▸ Work task: Look below for the line that contains "Men’s Shorts with Button Closure | Beach" and the line that contains "Clara Lane Blue", then restate both of them and every line in between, exactly. No picture goes in the copy.

▸ Material to process:
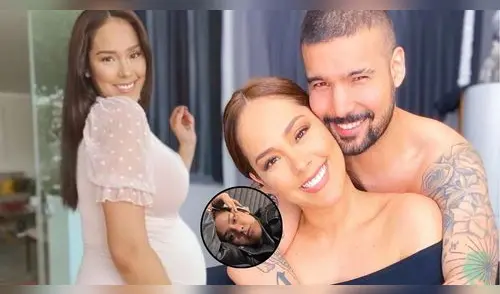 Karen Schwarz estaría embarazada de Ezio Oliva por tercera vez. elpopular.pe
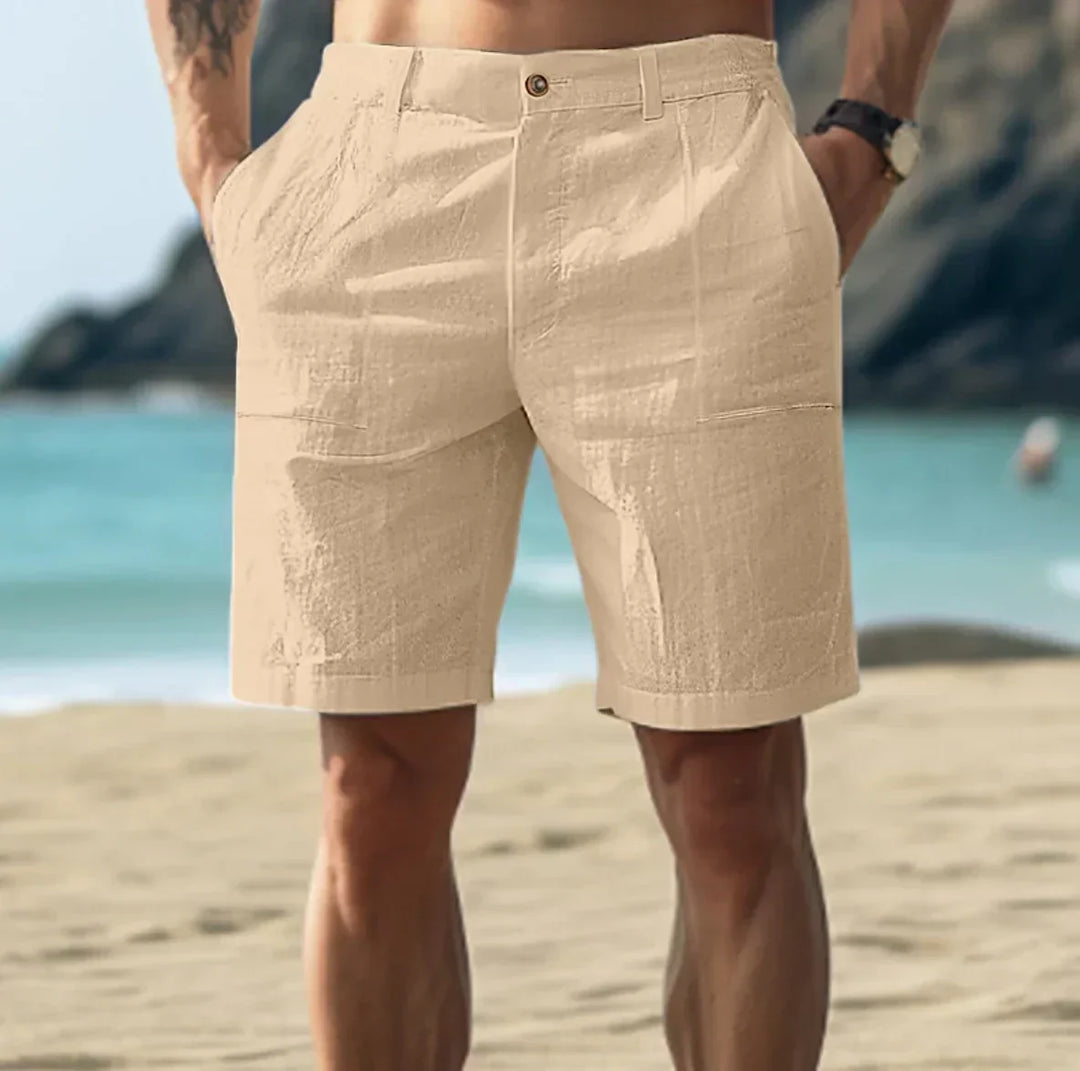 Men’s Shorts with Button Closure | Beach
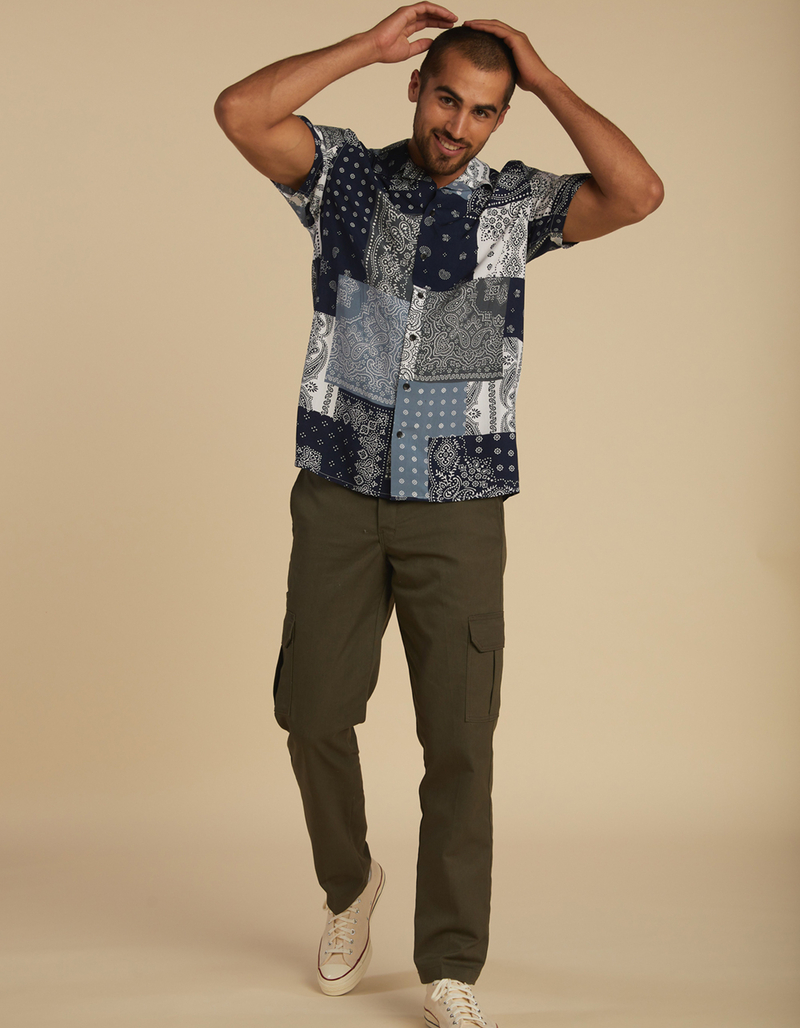 RSQ Bandana Mens Button Up Shirt image number 1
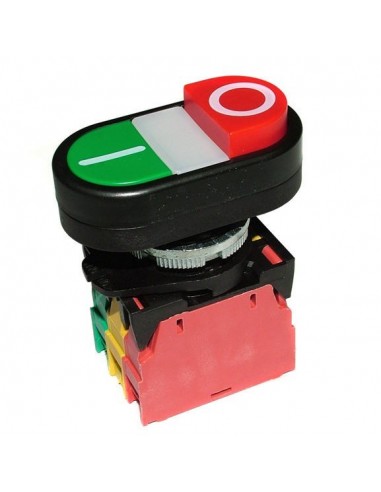 Interruptor Rojo/Verde Marcha/Paro con luz 401357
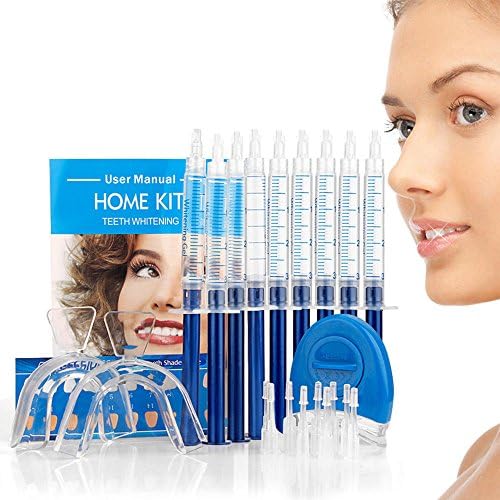 SMART Teeth Whitening - Premium Kit - LED Light, 36% Carbamide Peroxide, (10) X 3ml Gel Syringes, Tray and Case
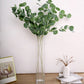 40" Tall Green Artificial Eucalyptus Branches in a clear vase.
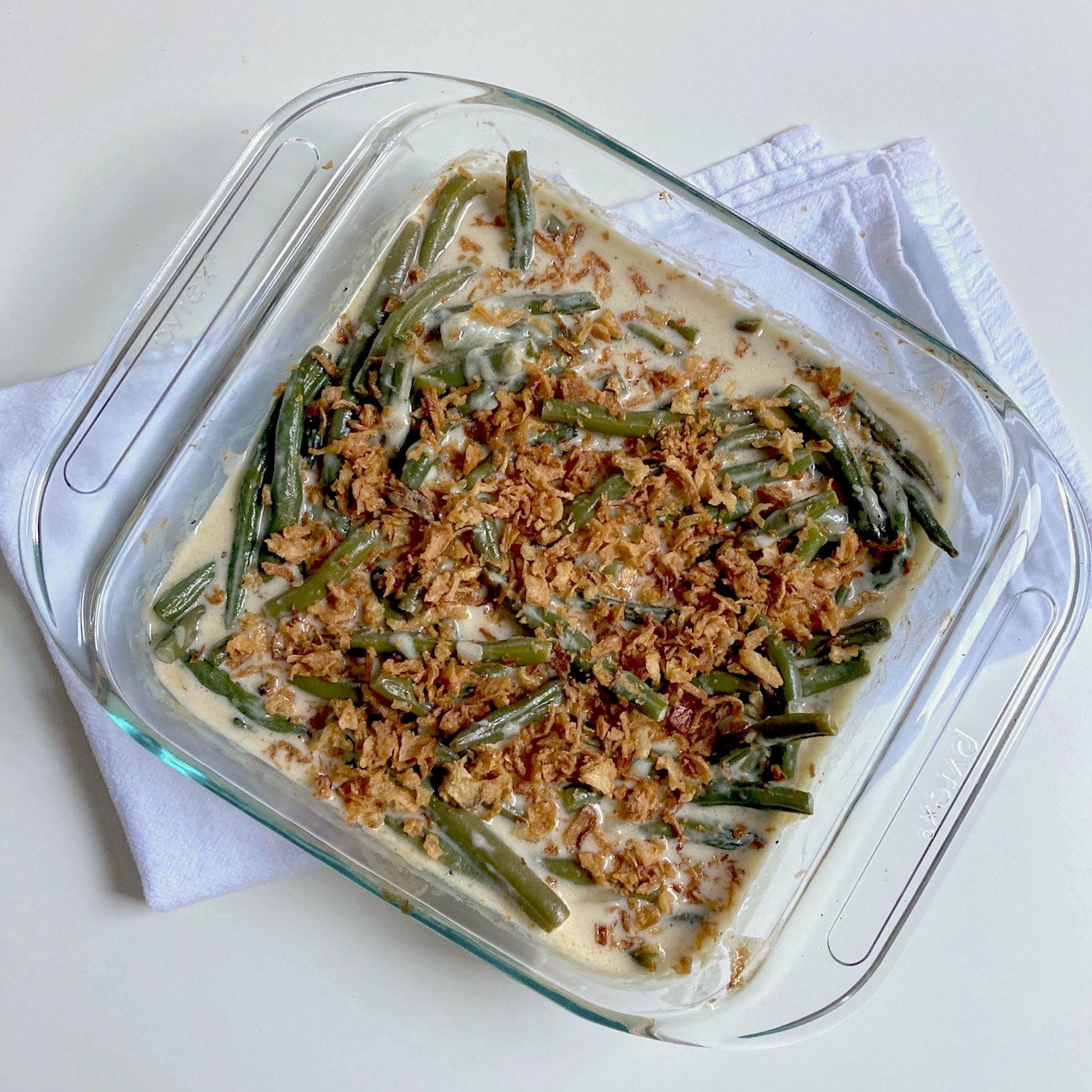 Home Chef Thanksgiving Sides - green bean casserole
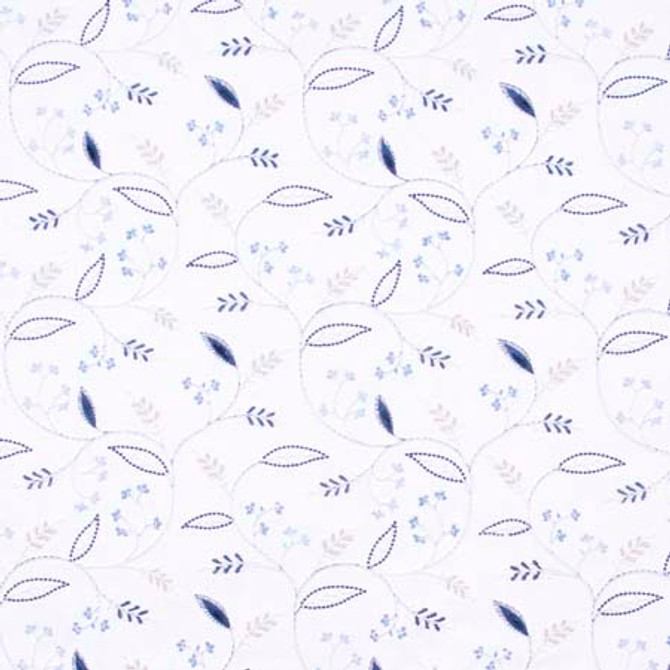 Clara Lane Blue Jay by Carole Designer Fabric Red Sea 52% Cotton, 48% Polyester India 30,000 Wyzenbeek Double Rubs 9 1/8" V, 10 3/8" H 52" - Swanky Fabrics -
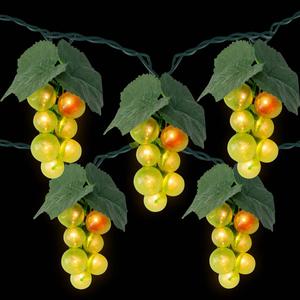 Northlight 5 Green Grape Cluster String Lights alternate view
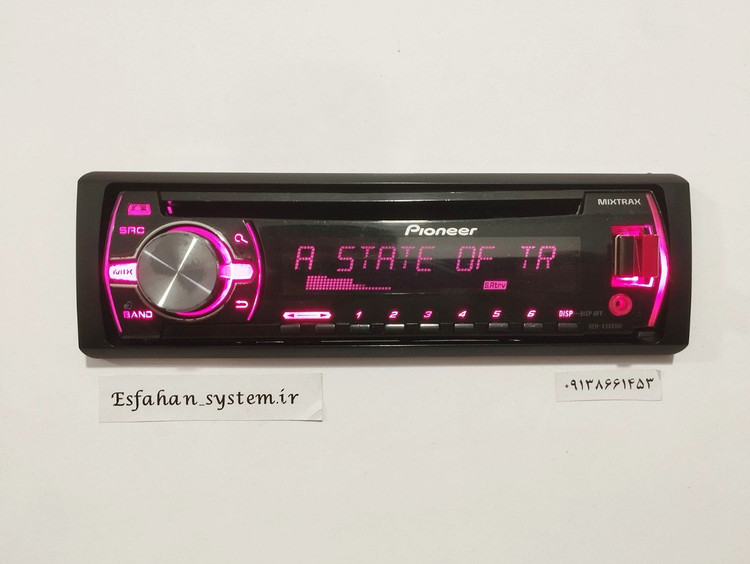 ضبط مولتی کالر پایونیر مدل Pioneer DEH-X3550UI چهارخروجه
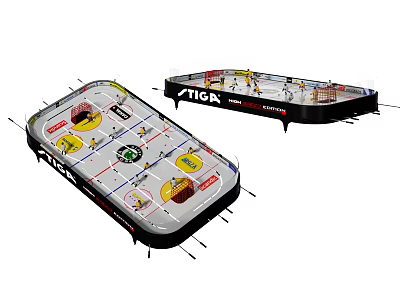 STIGA Tabletop Air Hockey Game Indoor Amusement Equipment With Player Figures 3d model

▸ Worked solution:
 Men’s Shorts with Button Closure | Beach
 RSQ Bandana Mens Button Up Shirt image number 1
 Interruptor Rojo/Verde Marcha/Paro con luz 401357
 SMART Teeth Whitening - Premium Kit - LED Light, 36% Carbamide Peroxide, (10) X 3ml Gel Syringes, Tray and Case
 40" Tall Green Artificial Eucalyptus Branches in a clear vase.
 Home Chef Thanksgiving Sides - green bean casserole
 Clara Lane Blue Jay by Carole Designer Fabric Red Sea 52% Cotton, 48% Polyester India 30,000 Wyzenbeek Double Rubs 9 1/8" V, 10 3/8" H 52" - Swanky Fabrics -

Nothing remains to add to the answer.